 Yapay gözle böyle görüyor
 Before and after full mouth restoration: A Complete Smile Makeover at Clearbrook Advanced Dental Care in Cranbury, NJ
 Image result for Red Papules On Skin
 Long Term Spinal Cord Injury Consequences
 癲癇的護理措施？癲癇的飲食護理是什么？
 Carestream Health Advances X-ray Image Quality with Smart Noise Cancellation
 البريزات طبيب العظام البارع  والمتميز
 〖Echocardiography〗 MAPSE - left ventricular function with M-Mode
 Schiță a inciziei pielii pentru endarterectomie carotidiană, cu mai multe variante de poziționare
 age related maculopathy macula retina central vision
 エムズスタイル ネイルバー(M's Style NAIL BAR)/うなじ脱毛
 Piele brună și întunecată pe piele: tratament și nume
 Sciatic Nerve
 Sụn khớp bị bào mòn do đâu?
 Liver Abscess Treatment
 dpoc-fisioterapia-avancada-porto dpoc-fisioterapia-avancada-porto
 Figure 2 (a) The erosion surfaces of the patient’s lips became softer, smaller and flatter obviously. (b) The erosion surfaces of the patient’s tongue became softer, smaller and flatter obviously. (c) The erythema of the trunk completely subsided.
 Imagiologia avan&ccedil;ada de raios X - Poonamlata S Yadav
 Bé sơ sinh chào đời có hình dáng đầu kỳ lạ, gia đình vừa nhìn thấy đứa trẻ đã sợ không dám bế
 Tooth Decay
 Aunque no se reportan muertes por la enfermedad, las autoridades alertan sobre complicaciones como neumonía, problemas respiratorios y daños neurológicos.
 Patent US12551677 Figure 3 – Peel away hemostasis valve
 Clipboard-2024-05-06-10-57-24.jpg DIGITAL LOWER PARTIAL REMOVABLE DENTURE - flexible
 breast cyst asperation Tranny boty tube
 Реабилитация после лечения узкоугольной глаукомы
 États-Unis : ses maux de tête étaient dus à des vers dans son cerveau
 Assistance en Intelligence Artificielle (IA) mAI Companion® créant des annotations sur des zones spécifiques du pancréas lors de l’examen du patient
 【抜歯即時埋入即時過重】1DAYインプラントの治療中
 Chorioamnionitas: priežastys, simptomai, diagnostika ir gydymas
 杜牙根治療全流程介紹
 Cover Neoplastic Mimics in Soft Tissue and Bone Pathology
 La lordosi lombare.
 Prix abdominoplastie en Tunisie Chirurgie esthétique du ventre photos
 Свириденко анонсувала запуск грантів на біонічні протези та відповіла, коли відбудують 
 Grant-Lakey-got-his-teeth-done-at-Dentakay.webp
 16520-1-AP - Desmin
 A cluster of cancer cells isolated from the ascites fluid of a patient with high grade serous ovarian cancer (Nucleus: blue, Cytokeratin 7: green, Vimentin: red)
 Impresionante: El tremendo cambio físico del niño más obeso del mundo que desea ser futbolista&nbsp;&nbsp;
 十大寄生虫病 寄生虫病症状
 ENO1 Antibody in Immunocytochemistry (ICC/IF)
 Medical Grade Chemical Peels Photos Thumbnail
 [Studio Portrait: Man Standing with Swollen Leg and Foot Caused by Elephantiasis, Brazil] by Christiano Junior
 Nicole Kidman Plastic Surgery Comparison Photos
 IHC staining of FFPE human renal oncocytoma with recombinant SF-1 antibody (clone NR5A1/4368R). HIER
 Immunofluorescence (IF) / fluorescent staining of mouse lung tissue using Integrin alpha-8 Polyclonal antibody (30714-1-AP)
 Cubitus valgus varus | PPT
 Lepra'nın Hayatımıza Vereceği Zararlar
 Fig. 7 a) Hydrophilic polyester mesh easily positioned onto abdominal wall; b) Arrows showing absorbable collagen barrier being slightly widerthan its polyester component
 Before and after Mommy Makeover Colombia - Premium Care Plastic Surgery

**PROBLEM DESCRIPTION:** The complete listing, from first line to last, should be copied verbatim.

**WRITTEN ANSWER:**
 Yapay gözle böyle görüyor
 Before and after full mouth restoration: A Complete Smile Makeover at Clearbrook Advanced Dental Care in Cranbury, NJ
 Image result for Red Papules On Skin
 Long Term Spinal Cord Injury Consequences
 癲癇的護理措施？癲癇的飲食護理是什么？
 Carestream Health Advances X-ray Image Quality with Smart Noise Cancellation
 البريزات طبيب العظام البارع  والمتميز
 〖Echocardiography〗 MAPSE - left ventricular function with M-Mode
 Schiță a inciziei pielii pentru endarterectomie carotidiană, cu mai multe variante de poziționare
 age related maculopathy macula retina central vision
 エムズスタイル ネイルバー(M's Style NAIL BAR)/うなじ脱毛
 Piele brună și întunecată pe piele: tratament și nume
 Sciatic Nerve
 Sụn khớp bị bào mòn do đâu?
 Liver Abscess Treatment
 dpoc-fisioterapia-avancada-porto dpoc-fisioterapia-avancada-porto
 Figure 2 (a) The erosion surfaces of the patient’s lips became softer, smaller and flatter obviously. (b) The erosion surfaces of the patient’s tongue became softer, smaller and flatter obviously. (c) The erythema of the trunk completely subsided.
 Imagiologia avan&ccedil;ada de raios X - Poonamlata S Yadav
 Bé sơ sinh chào đời có hình dáng đầu kỳ lạ, gia đình vừa nhìn thấy đứa trẻ đã sợ không dám bế
 Tooth Decay
 Aunque no se reportan muertes por la enfermedad, las autoridades alertan sobre complicaciones como neumonía, problemas respiratorios y daños neurológicos.
 Patent US12551677 Figure 3 – Peel away hemostasis valve
 Clipboard-2024-05-06-10-57-24.jpg DIGITAL LOWER PARTIAL REMOVABLE DENTURE - flexible
 breast cyst asperation Tranny boty tube
 Реабилитация после лечения узкоугольной глаукомы
 États-Unis : ses maux de tête étaient dus à des vers dans son cerveau
 Assistance en Intelligence Artificielle (IA) mAI Companion® créant des annotations sur des zones spécifiques du pancréas lors de l’examen du patient
 【抜歯即時埋入即時過重】1DAYインプラントの治療中
 Chorioamnionitas: priežastys, simptomai, diagnostika ir gydymas
 杜牙根治療全流程介紹
 Cover Neoplastic Mimics in Soft Tissue and Bone Pathology
 La lordosi lombare.
 Prix abdominoplastie en Tunisie Chirurgie esthétique du ventre photos
 Свириденко анонсувала запуск грантів на біонічні протези та відповіла, коли відбудують 
 Grant-Lakey-got-his-teeth-done-at-Dentakay.webp
 16520-1-AP - Desmin
 A cluster of cancer cells isolated from the ascites fluid of a patient with high grade serous ovarian cancer (Nucleus: blue, Cytokeratin 7: green, Vimentin: red)
 Impresionante: El tremendo cambio físico del niño más obeso del mundo que desea ser futbolista&nbsp;&nbsp;
 十大寄生虫病 寄生虫病症状
 ENO1 Antibody in Immunocytochemistry (ICC/IF)
 Medical Grade Chemical Peels Photos Thumbnail
 [Studio Portrait: Man Standing with Swollen Leg and Foot Caused by Elephantiasis, Brazil] by Christiano Junior
 Nicole Kidman Plastic Surgery Comparison Photos
 IHC staining of FFPE human renal oncocytoma with recombinant SF-1 antibody (clone NR5A1/4368R). HIER
 Immunofluorescence (IF) / fluorescent staining of mouse lung tissue using Integrin alpha-8 Polyclonal antibody (30714-1-AP)
 Cubitus valgus varus | PPT
 Lepra'nın Hayatımıza Vereceği Zararlar
 Fig. 7 a) Hydrophilic polyester mesh easily positioned onto abdominal wall; b) Arrows showing absorbable collagen barrier being slightly widerthan its polyester component
 Before and after Mommy Makeover Colombia - Premium Care Plastic Surgery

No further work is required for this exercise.